### What the task requires
The answer must consist only of the lines in the records below from the line with "Illustration of a" to the line with "Image of Pcavin", both included, copied word for word with every picture left out.

### Material to process

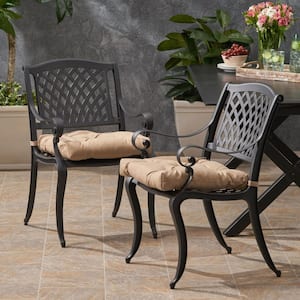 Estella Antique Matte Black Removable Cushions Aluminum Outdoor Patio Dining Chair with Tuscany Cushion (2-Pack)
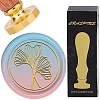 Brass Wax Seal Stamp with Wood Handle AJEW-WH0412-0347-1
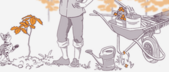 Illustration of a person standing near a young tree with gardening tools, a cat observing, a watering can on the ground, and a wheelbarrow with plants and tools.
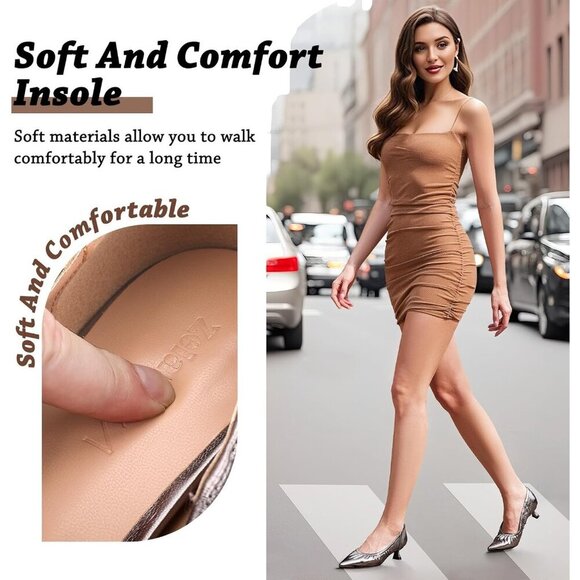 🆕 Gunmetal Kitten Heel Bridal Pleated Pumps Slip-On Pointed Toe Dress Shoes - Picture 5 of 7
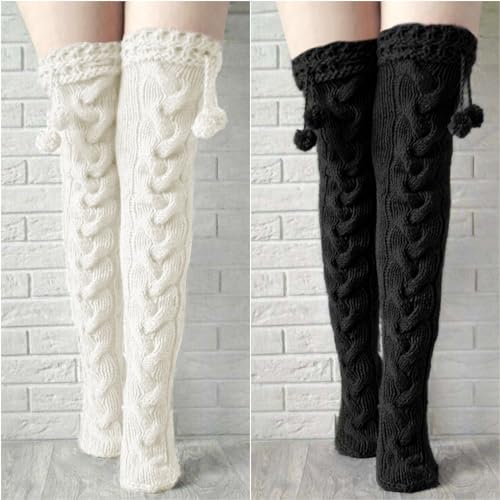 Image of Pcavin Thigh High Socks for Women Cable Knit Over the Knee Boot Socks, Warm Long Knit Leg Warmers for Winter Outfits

* * *

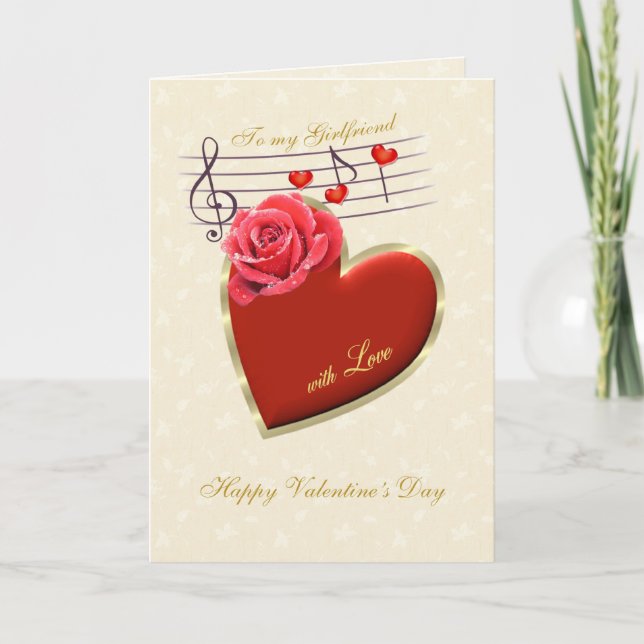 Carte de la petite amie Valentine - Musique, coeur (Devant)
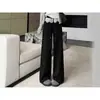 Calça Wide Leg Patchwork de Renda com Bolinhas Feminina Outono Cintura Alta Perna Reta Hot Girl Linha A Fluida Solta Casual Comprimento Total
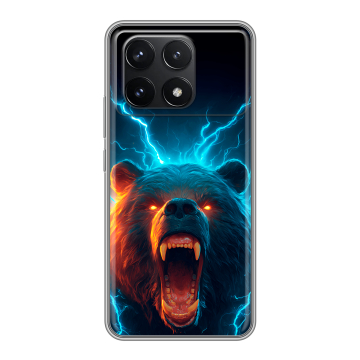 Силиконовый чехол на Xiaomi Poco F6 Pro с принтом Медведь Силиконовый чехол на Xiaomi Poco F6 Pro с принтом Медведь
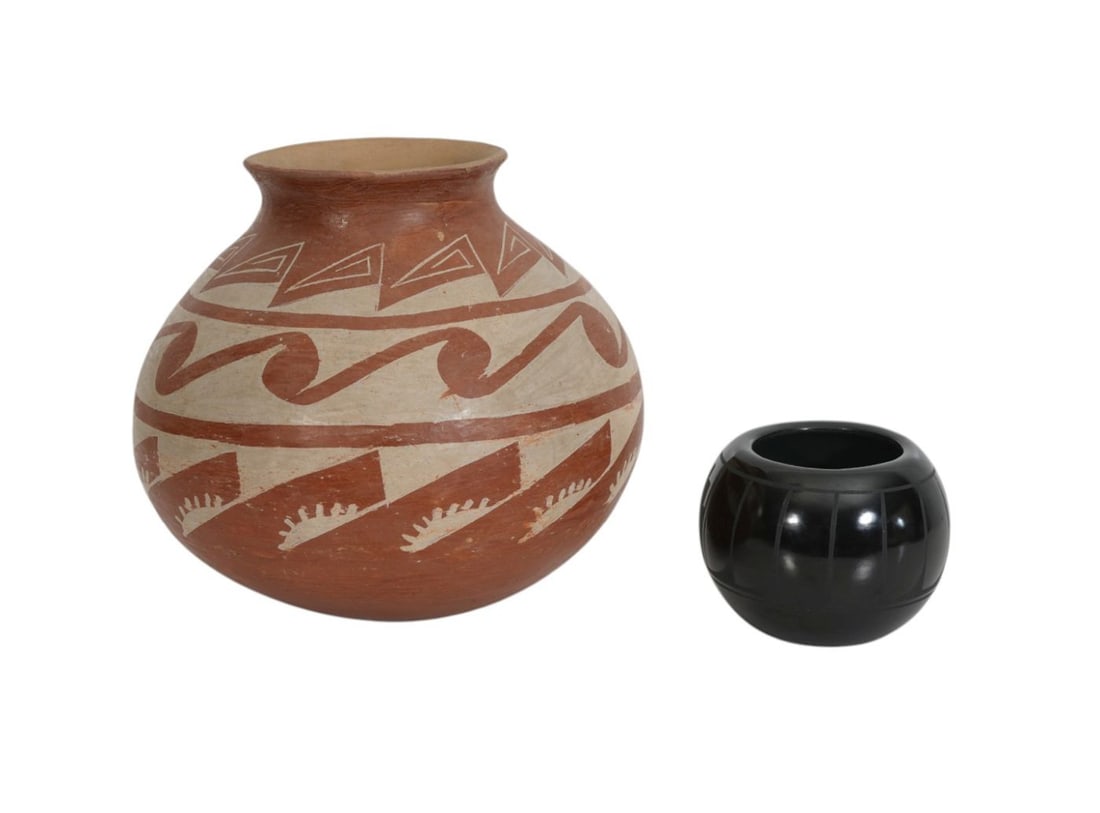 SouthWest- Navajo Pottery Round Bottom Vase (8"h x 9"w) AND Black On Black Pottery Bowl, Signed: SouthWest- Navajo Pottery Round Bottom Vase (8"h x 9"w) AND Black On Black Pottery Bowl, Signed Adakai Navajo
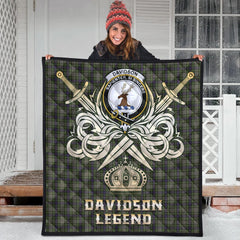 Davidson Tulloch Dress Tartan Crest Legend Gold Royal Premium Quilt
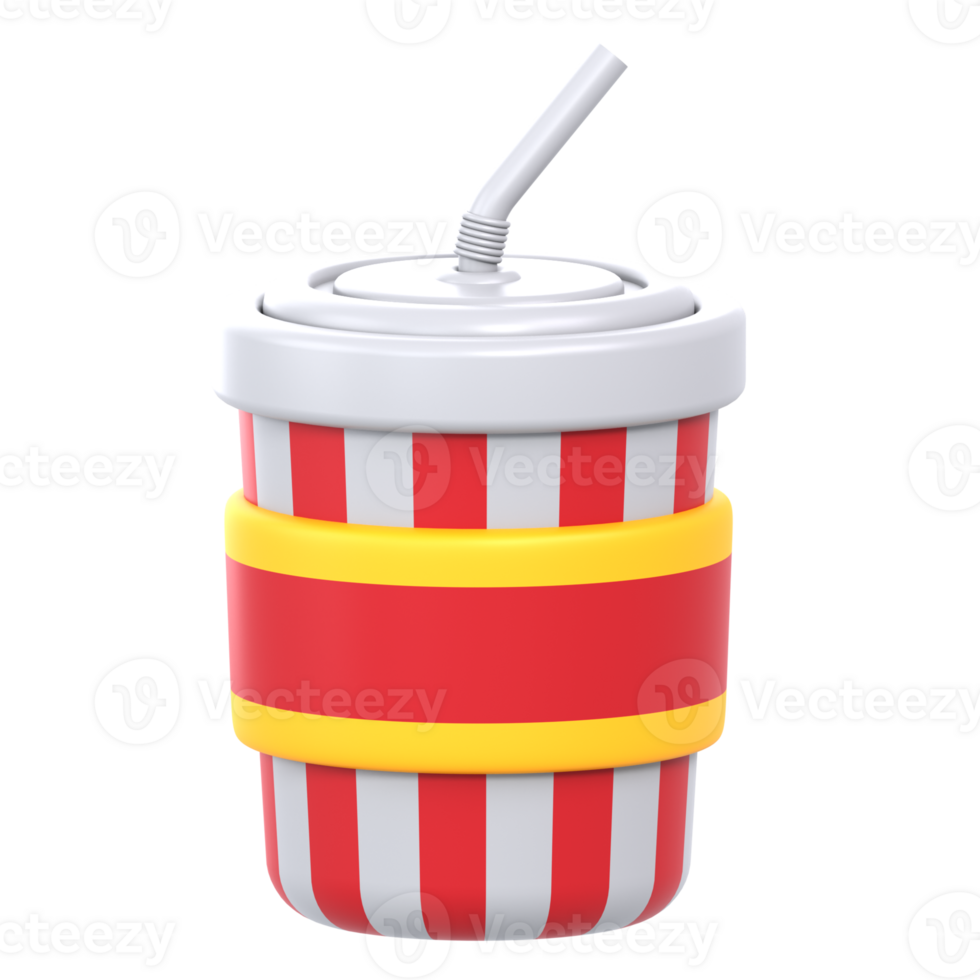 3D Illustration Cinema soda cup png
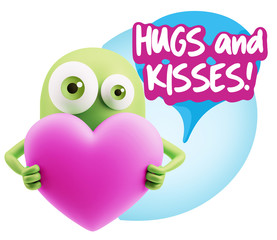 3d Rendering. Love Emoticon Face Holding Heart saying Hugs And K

--

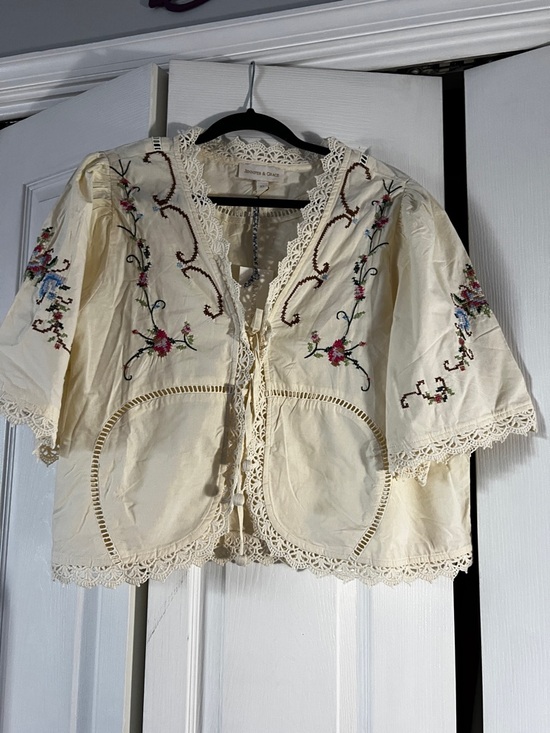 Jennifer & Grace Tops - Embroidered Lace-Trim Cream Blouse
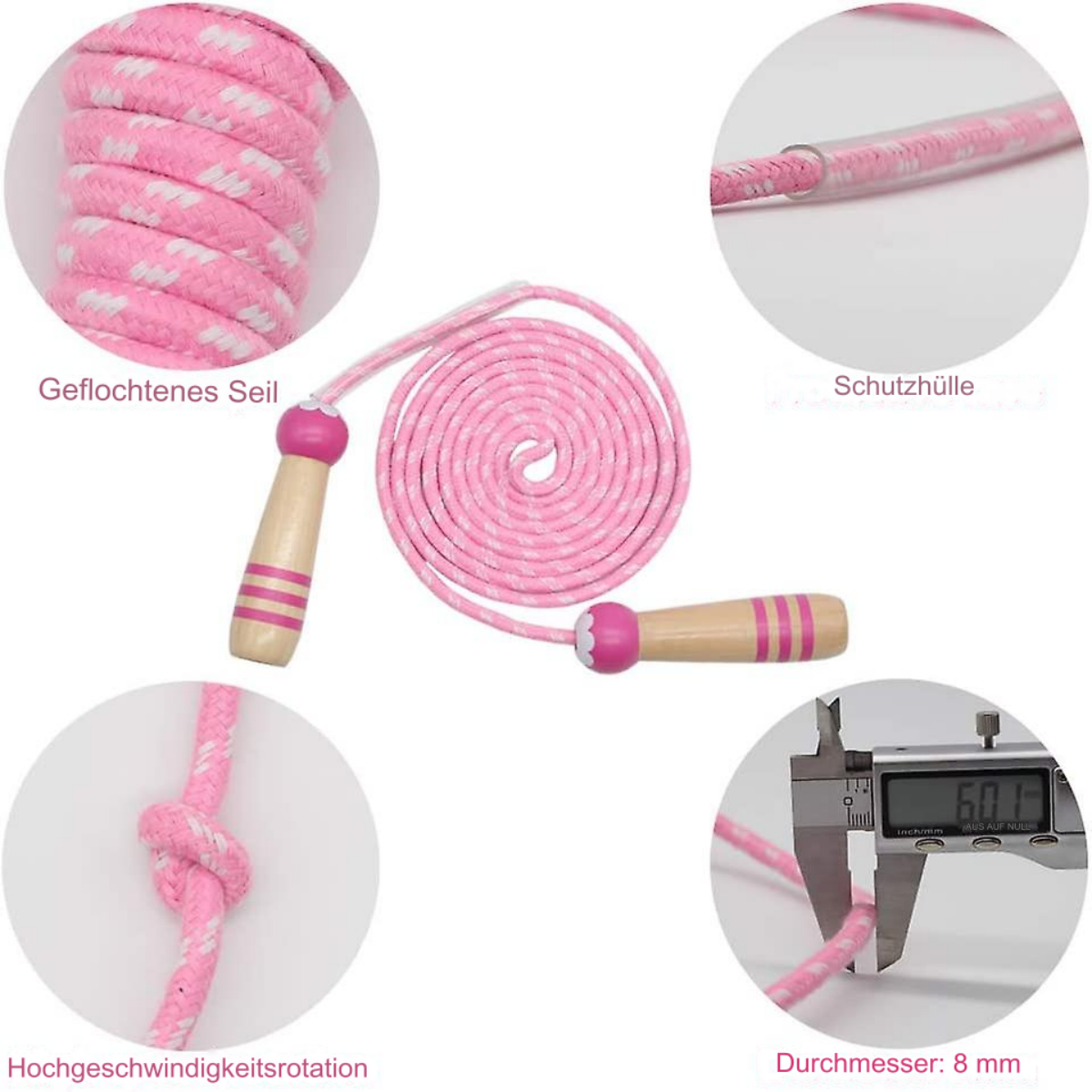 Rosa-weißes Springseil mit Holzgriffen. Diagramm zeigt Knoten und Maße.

### Solution
 Illustration of a person standing near a young tree with gardening tools, a cat observing, a watering can on the ground, and a wheelbarrow with plants and tools.
 🆕 Gunmetal Kitten Heel Bridal Pleated Pumps Slip-On Pointed Toe Dress Shoes - Picture 5 of 7
 Image of Pcavin Thigh High Socks for Women Cable Knit Over the Knee Boot Socks, Warm Long Knit Leg Warmers for Winter Outfits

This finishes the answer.